En su anterior visita había observado lo sucias que estaban las ventanas y las claraboyas, pero entonces era pleno día y había suficiente luz para trabajar. Buscó con la mirada un interruptor, pero al ver cerradas las puertas de los dos hornos que estaban embutidos en la pared, temió equivocarse de interruptor y provocar un desastre. Sabía que la temperatura tenía que bajar gradualmente durante toda la noche, para que no se rompieran las piezas que reposaban en el interior para su secado.

Se adentró unos pasos en la fábrica, atraído por la luz que salía por la puerta abierta del horno más alejado. Alumbraba la zona situada delante y un poco de cada lado, pero el resto de la enorme nave estaba en sombras.

Brunetti avanzó otro paso y entonces notó el extraño olor que impregnaba el aire, un tufo empalagoso, un punto ácido. Aunque era primavera y los árboles y las plantas ya empezaban a florecer, aquel efluvio no parecía una emanación floral. Tampoco, el potente fermento que exuda la tierra cuando las plantas se afanan por rebrotar, aunque tenía más de este último que de la primera.

Brunetti miró alrededor, preguntándose si se habría vertido algún colorante o sustancia química, a pesar de que aquel olor tampoco parecía químico. Se acercó al primer horno y notó el aumento de temperatura, a pesar de que estaba cerrada la puerta. La vaharada de calor le hizo apartarse hacia la izquierda, al espacio que quedaba entre el primer y el segundo hornos. La temperatura bajó bruscamente, y él casi sintió frío, por el contraste con el ardor que irradiaba del primer horno.

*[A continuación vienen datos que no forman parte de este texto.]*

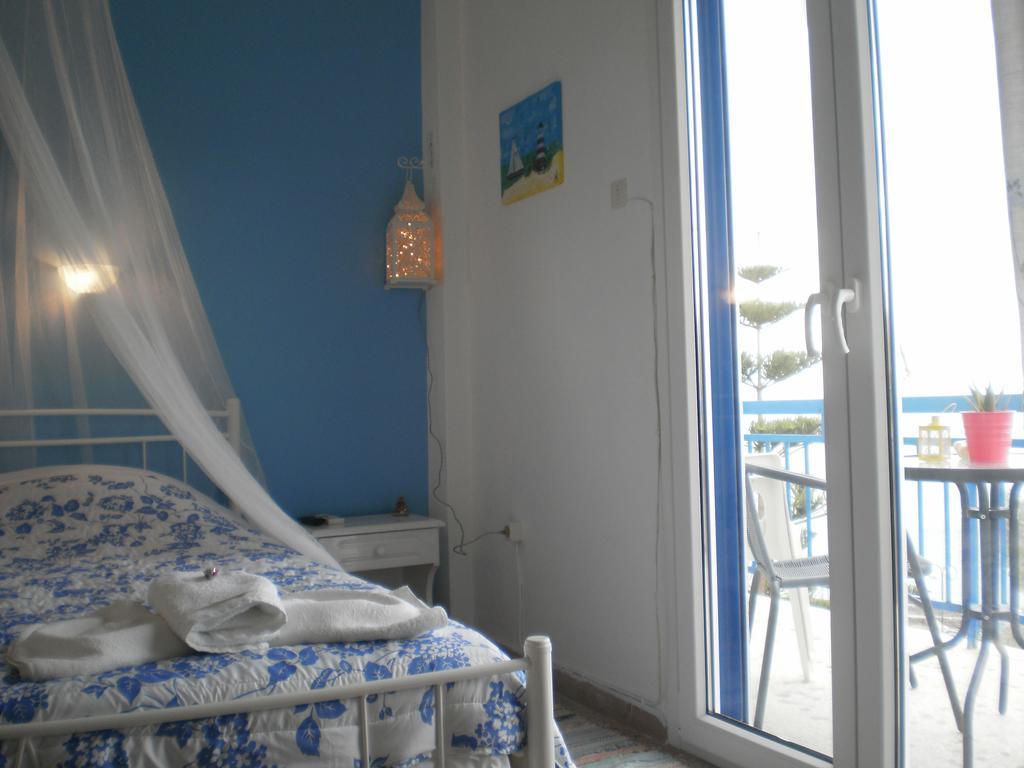 Sunrise Flora Apartment Agia Marina  Phòng bức ảnh
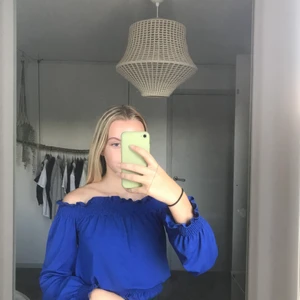 Off-shoulder topp  - Säljer denna fina tröja från Gina tricot💞 då den inte kommer till användning, köparen står för frakt 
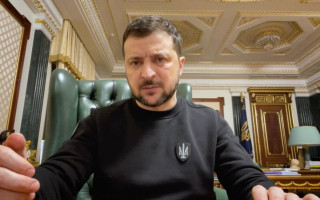Додаткові пів трильйона гривень, які хочуть виділити на оборону, спрямують на зарплатню військовим, дрони тощо – Зеленський
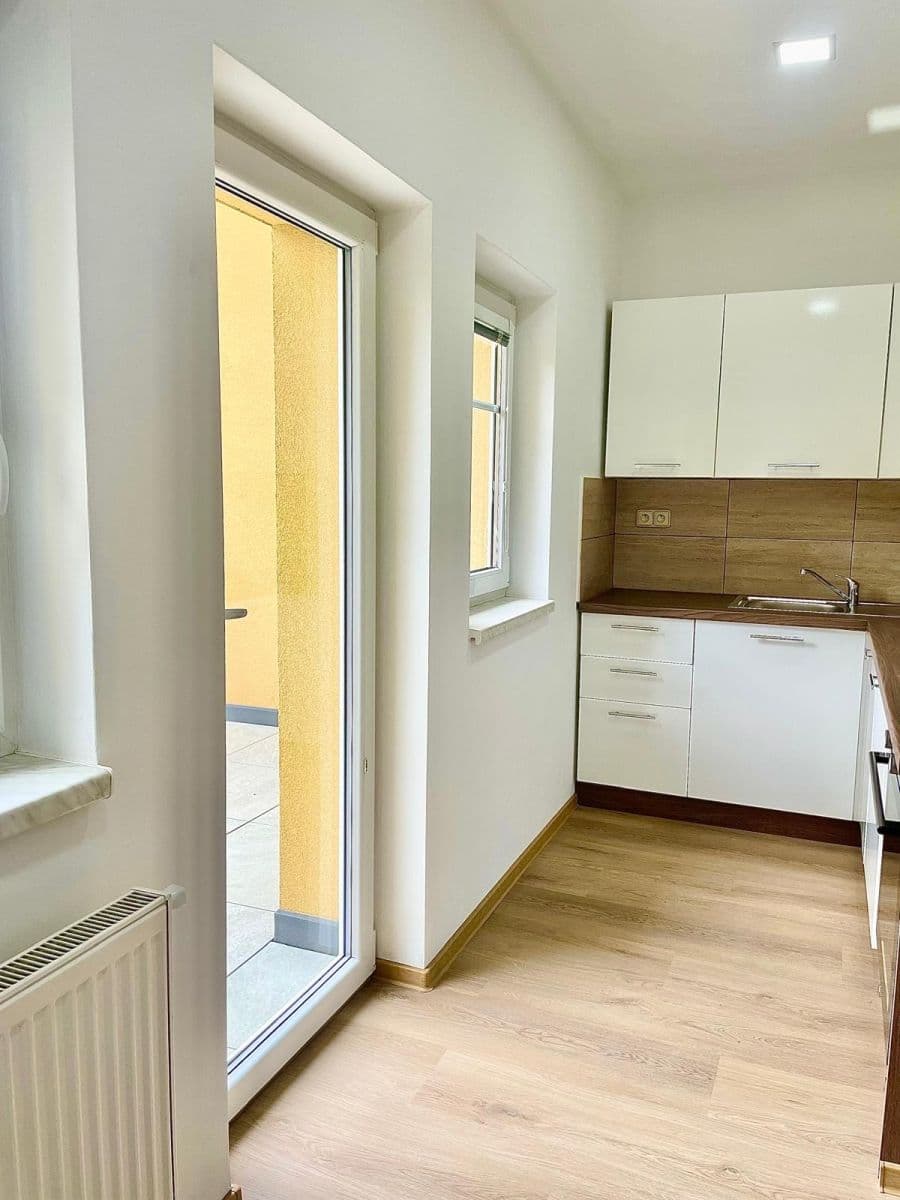 2 bedroom with open-plan kitchen flat to rent, 80 m², Staškova, Liberec, Liberecký Region 2 bedroom with open-plan kitchen flat to rent, 80 m², Staškova, Liberec, Liberecký Region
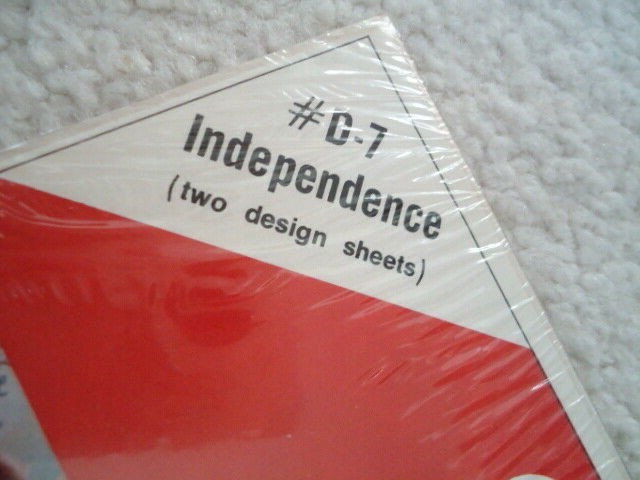 Decotiques Decorative Artwork That Rubs On Instantly Independence 2 Sheets Large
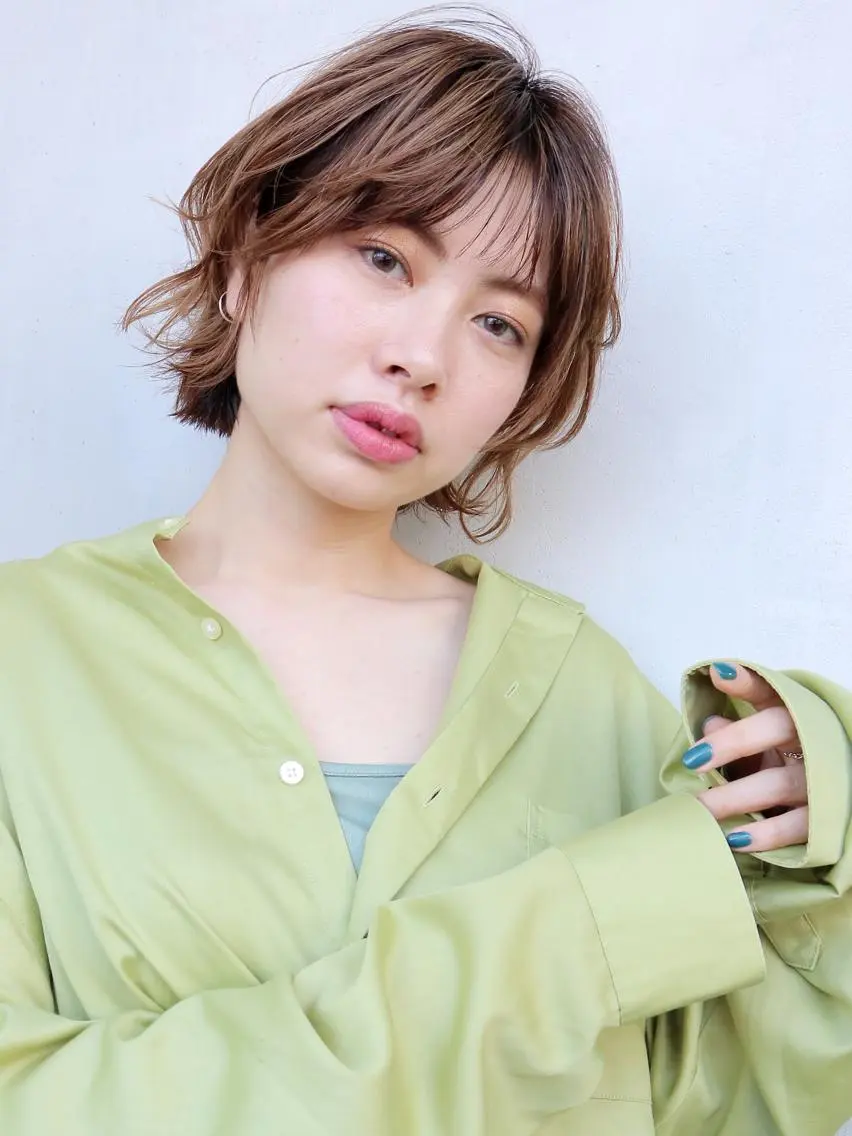 ショート カラー パーマ ヘアアレンジ グレージュ ハイライトカラー ハイライト ITbyALBUM 中野店のヘアスタイル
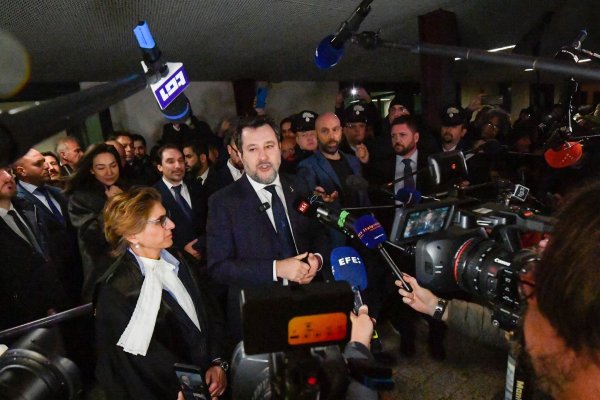 Italiens Vize-Ministerpräsidenten Salvini war Freiheitsberaubung und Amtsmissbrauch vorgeworfen worden. - © Salvatore Cavalli/AP/dpa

Al acercarse al segundo horno, volvió a embestirlo el calor, impactándole en el brazo y la pierna, inflamándole la mejilla, dispuesto a hacer arder toda su persona. Instintivamente, se protegió la cara con la mano hasta que lo dejó atrás y llegó a una zona más fresca.

La boca del tercer horno atrajo su mirada. No pudo evitar mirar al fondo de aquel infierno. El calor le hacía parpadear. Retrocedió para alejarse y sintió alivio con el brusco descenso de la temperatura. Allí el olor era mucho más fuerte.

Miró a derecha e izquierda, sin ver nada extraño. Volvió a fijar la atención en la boca del horno, donde las llamas rugían y le lanzaban su aliento candente. Ahora había más luz que cuando había entrado en el edificio: quizá las nubes se habían disipado o el viento las había barrido. El sol ya asomaba por encima de los tejados, y los primeros rayos que entraron por las ventanas orientadas al este provocaron una explosión de luz.

Brunetti distinguió un bulto en el suelo, justo delante del horno, a poco más de dos metros de donde él estaba. Volvió a levantar la mano, esta vez para protegerse los ojos del brillante resplandor del horno, tratando de descubrir qué era aquello. Pero la luz desbordaba su mano y tuvo que levantar la otra para aumentar el tamaño de la pantalla. Y entonces lo vio, ya a la luz del día. En el suelo, delante del tercer horno, yacía un hombre, un hombre alto. Brunetti volvió la cara y se encontró mirando la hilera de termómetros de la pared. El Forno III tenía una temperatura de 1.342 grados Fahrenheit, mientras que las de los otros dos eran apenas la mitad. Tuvo que retroceder porque, incluso a aquella distancia, se abrasaba.

El olor. El olor. Brunetti dobló las rodillas como un buey derribado de un hachazo. Apoyó las palmas de las manos en el suelo y vomitó bilis y más bilis mientras sentía que aquel hedor dulzón se le pegaba a la ropa y al pelo.

Así lo encontró el maestro minutos después. El hombre se inclinó, lo ayudó a levantarse y se lo llevó de allí. Una vez fuera, a varios metros de la puerta, le soltó el brazo y se alejó unos pasos, mientras Brunetti volvía a doblar la cintura. El hombre se volvió hacia el canal y concentró la atención en un barco que pasaba.

Fatigosamente, Brunetti sacó el pañuelo, se enjugó los labios y trató de enderezar el cuerpo. Aún tardó más de un minuto en poder mirar al otro hombre.

– ¿Lo ha encontrado usted? -preguntó con voz débil.

– No, ha sido Colussi, mi servetto. Él acostumbra a llegar a las cinco, para vigilar los fornaci y todo lo que hemos dejado secándose.